Records:
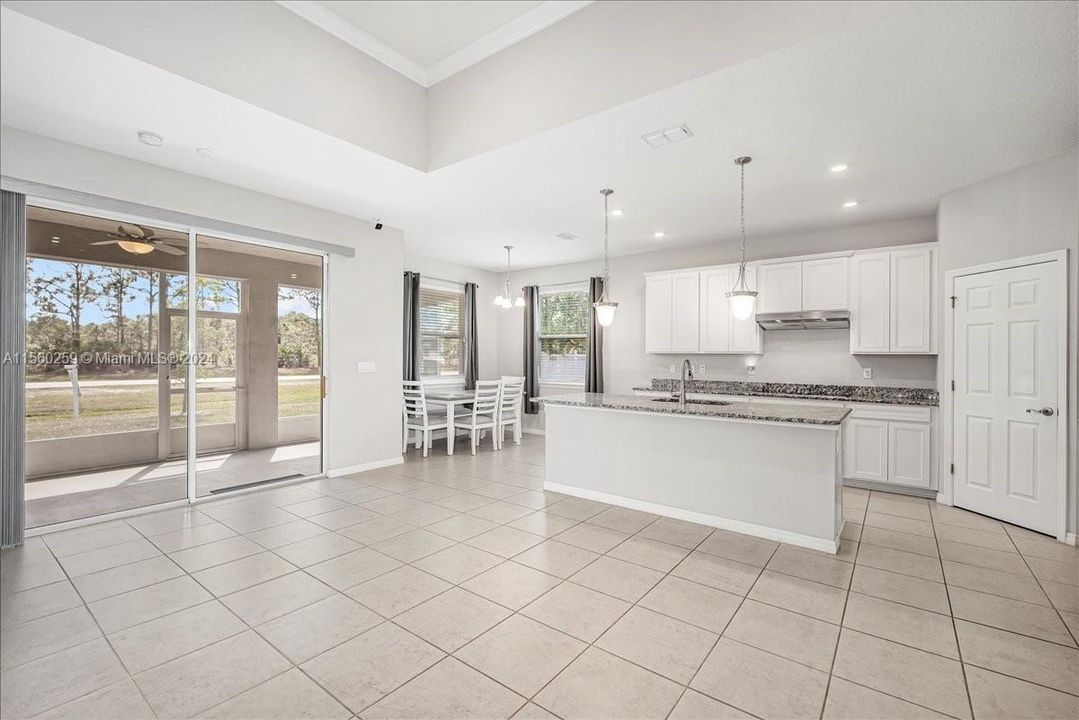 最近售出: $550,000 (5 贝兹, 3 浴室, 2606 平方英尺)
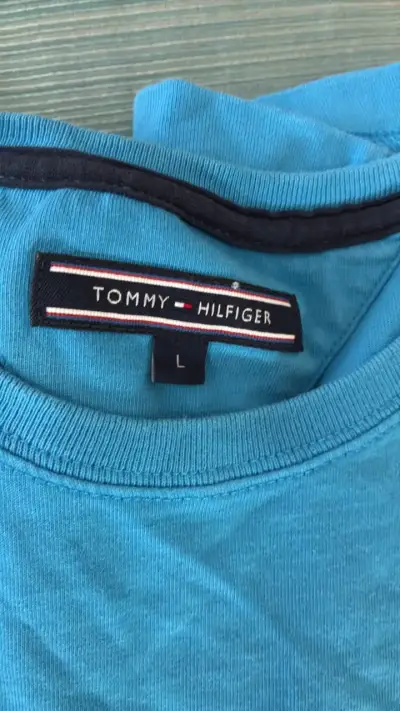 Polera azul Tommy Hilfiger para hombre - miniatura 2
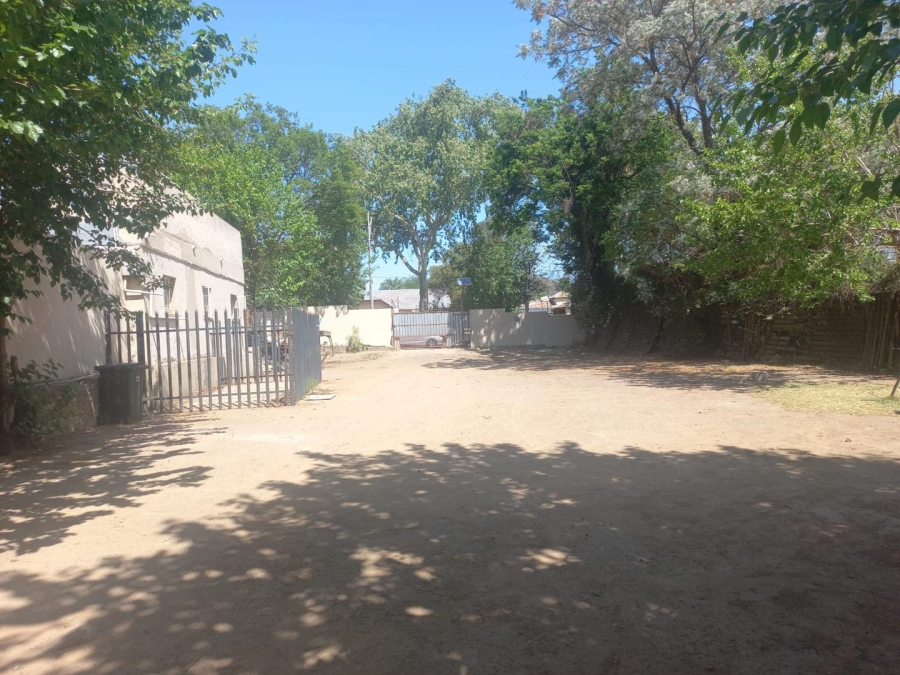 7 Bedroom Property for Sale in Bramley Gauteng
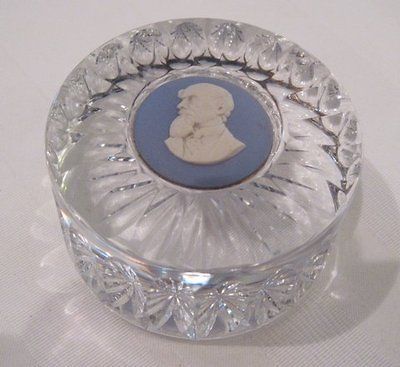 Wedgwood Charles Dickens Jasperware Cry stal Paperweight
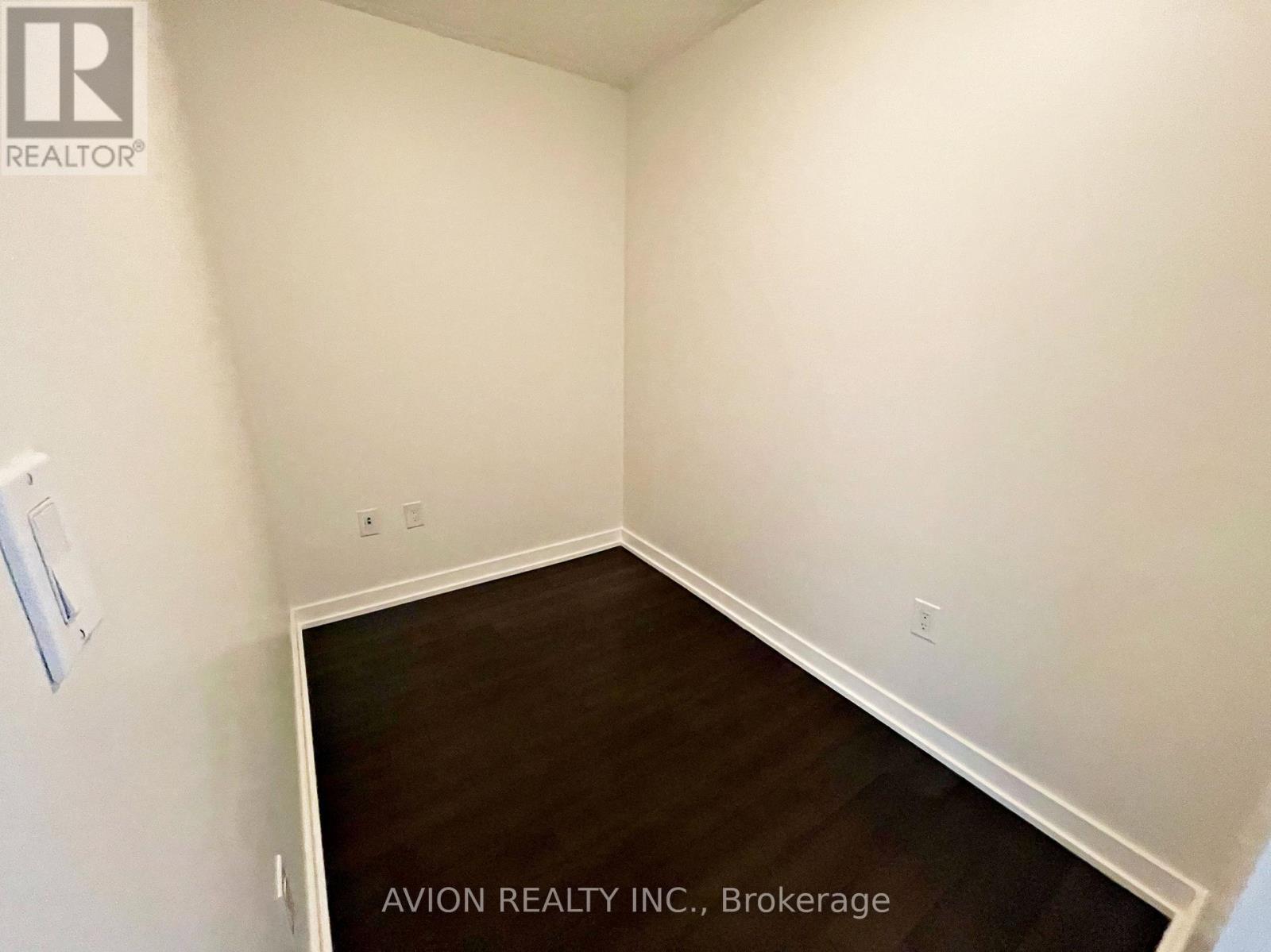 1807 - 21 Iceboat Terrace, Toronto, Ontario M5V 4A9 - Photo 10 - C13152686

...

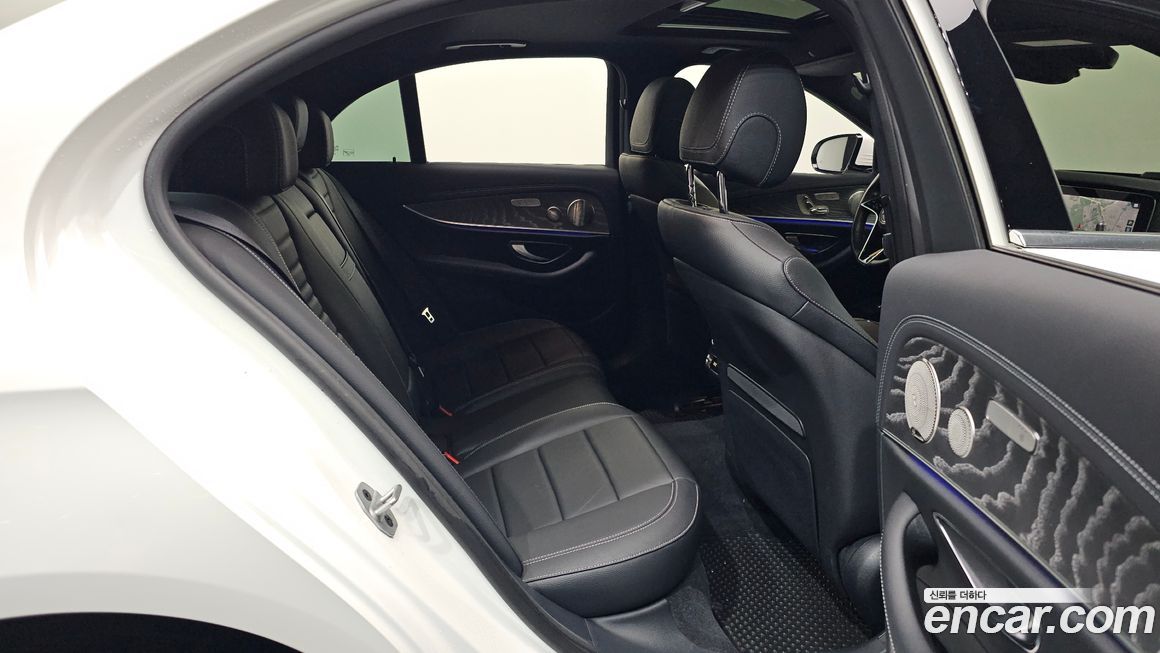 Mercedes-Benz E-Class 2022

Directions for this task: Given the records above, return the lines starting at the one that holds "最近售出: $550,000 (5 贝兹, 3 浴室, 2606 平方英尺)" and ending at the one that holds "1807 - 21 Iceboat", exactly, and nothing besides; leave every picture out.

Written reply:
 最近售出: $550,000 (5 贝兹, 3 浴室, 2606 平方英尺)
 Polera azul Tommy Hilfiger para hombre - miniatura 2
 7 Bedroom Property for Sale in Bramley Gauteng
 Wedgwood Charles Dickens Jasperware Cry stal Paperweight
 1807 - 21 Iceboat Terrace, Toronto, Ontario M5V 4A9 - Photo 10 - C13152686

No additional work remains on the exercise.